General characteristics
- Length: 36 m (118 ft 1 in)

= MV Oliver Cromwell =

Converted Dutch barge to pleasure boat that sunk on tow in Irish Sea

MV Oliver Cromwell was a Mississippi-style riverboat which was constructed as a Dutch barge in 1922 and converted into a riverboat hotel in 1993. As a stern paddle steamer and served as a hotel, restaurant and cabaret venue at Gloucester Docks, Gloucester. The vessel sank in the Irish Sea about 19 km west of South Stack, Anglesey on 25 March 2018 whilst being towed to a new location in Coleraine, Northern Ireland.

==History==

The MV Oliver Cromwell was originally built as a Dutch barge in 1922 and was converted into a hotel barge by English Holiday Cruises in 1993 where it travelled between Gloucester and Worcester.

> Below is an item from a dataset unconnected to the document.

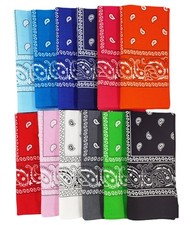 12 Pack Bandanas for Men  Women,22x22 Inch Double Sides Printed Large Thick ...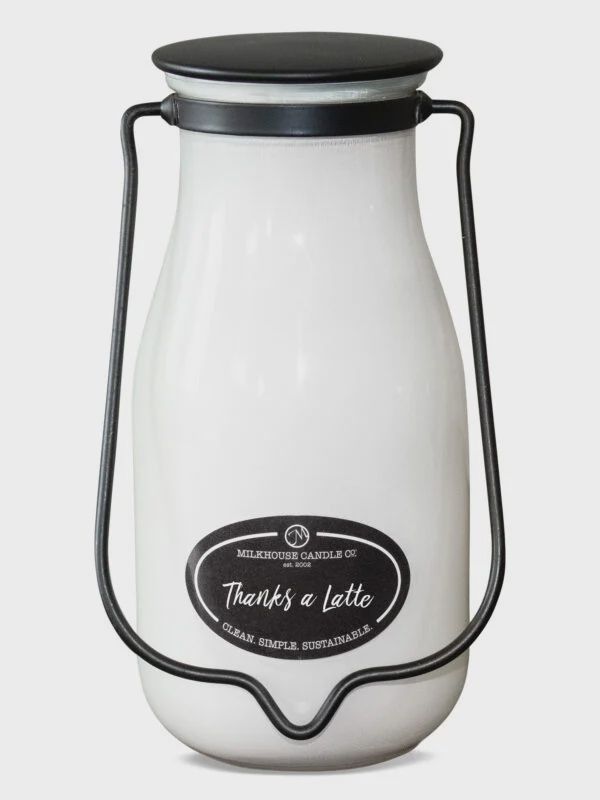 14 oz Milkbottle Jar:  Thanks a Latte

It was moored permanently in Gloucester Docks from 2009 as its passenger licence was not renewed. At this point it was turned into a restaurant and cabaret venue. In 2012, it was put up for sale. Out of water surveys were carried out in 2014 which showed it was structurally sound. There were several parties interested in buying the vessel throughout 2016 and in 2017, a buyer emerged paying to repaint the outside of the vessel but they could not raise the funds to complete the sale. In January 2018, a blind bidding process resulted in the vessel being sold to Crannagh Marina Complex in Coleraine.

==Sinking==
The vessel sank in the Irish Sea about 19 km west of South Stack, Anglesey on 25 May 2018 whilst being towed to a new location in Coleraine, Northern Ireland. The Holyhead coastguard attended but were unable to prevent the sinking, the coxswain commenting "It was very sad to see such a lovely vessel sink like that, but no-one was endangered and the lack of fuel on board meant there were no environmental issues". In June 2018, an investigation by the Maritime and Coastguard Agency over the sinking of the barge took place.